AUGUSTA — State revenues are coming up short, Gov. Paul LePage said Thursday during a radio interview.
LePage said money flowing into state coffers came “to a complete screech” during November and December and are expected to remain low for at least the next couple of months.
“We don’t know if that’s a trend. We’re looking into it,” LePage told WGAN in Portland.
A shortfall in projected revenues exacerbates pressure on the state budget at just the moment the governor is trying to put the final touches on a proposed two-year spending plan.
“This is a bear of a budget,” LePage said.
The governor said he’s working hard to get it done by the Jan. 6 deadline.

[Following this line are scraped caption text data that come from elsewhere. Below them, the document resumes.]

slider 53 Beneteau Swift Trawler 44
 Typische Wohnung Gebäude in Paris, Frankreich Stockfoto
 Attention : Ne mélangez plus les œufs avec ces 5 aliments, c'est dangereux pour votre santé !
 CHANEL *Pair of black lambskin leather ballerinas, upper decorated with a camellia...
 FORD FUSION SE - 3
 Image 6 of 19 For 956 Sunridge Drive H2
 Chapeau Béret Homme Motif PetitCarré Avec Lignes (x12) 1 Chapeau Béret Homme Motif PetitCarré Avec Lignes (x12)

His proposal is merely the first step in a long process toward the crafting of a spending plan in the Legislature that will almost certainly look very different by the end.
LePage offered a few clues about problems he’s seen in spending requests.
He said the state’s Office of Information Technology, for example, is seeking a $50 million increase.
LePage said he’s asking why because he wants to know what the return on the investment would be for taxpayers.
The technology office  is responsible for ensuring the state has “safe, secure and high-performing networks and systems.”
LePage also said the state’s university system is looking for a 15 percent hike.
“The demands are just absolutely unreasonable,” the governor said.
He said he told bureaucrats that he didn’t plan to increase spending, but many apparently ignored him.
“Everybody wants to spend,” the governor said.
LePage said he still intends to deliver a flat-funded budget that doesn’t hike spending over current levels, a move that necessarily means cutting services and personnel because inflation has cut the value of the money a bit over time.
LePage said he has no intention of asking for any income tax increase either.
With revenues falling off, the governor said, officials are left with “a guessing game” as they look ahead.
He said the state’s Consensus Economic Forecasting Committee last month “kicked the can down the road” in terms of trying to predict what the economy will do.
LePage said it didn’t want to try to factor in the impact of the minimum wage hike taking effect Jan. 7 or the higher income tax on top earners that voters imposed — issues the governor said are likely to slam Maine’s economy in the coming year.
“I’m very, very concerned about what the budget’s going to look like,” LePage said.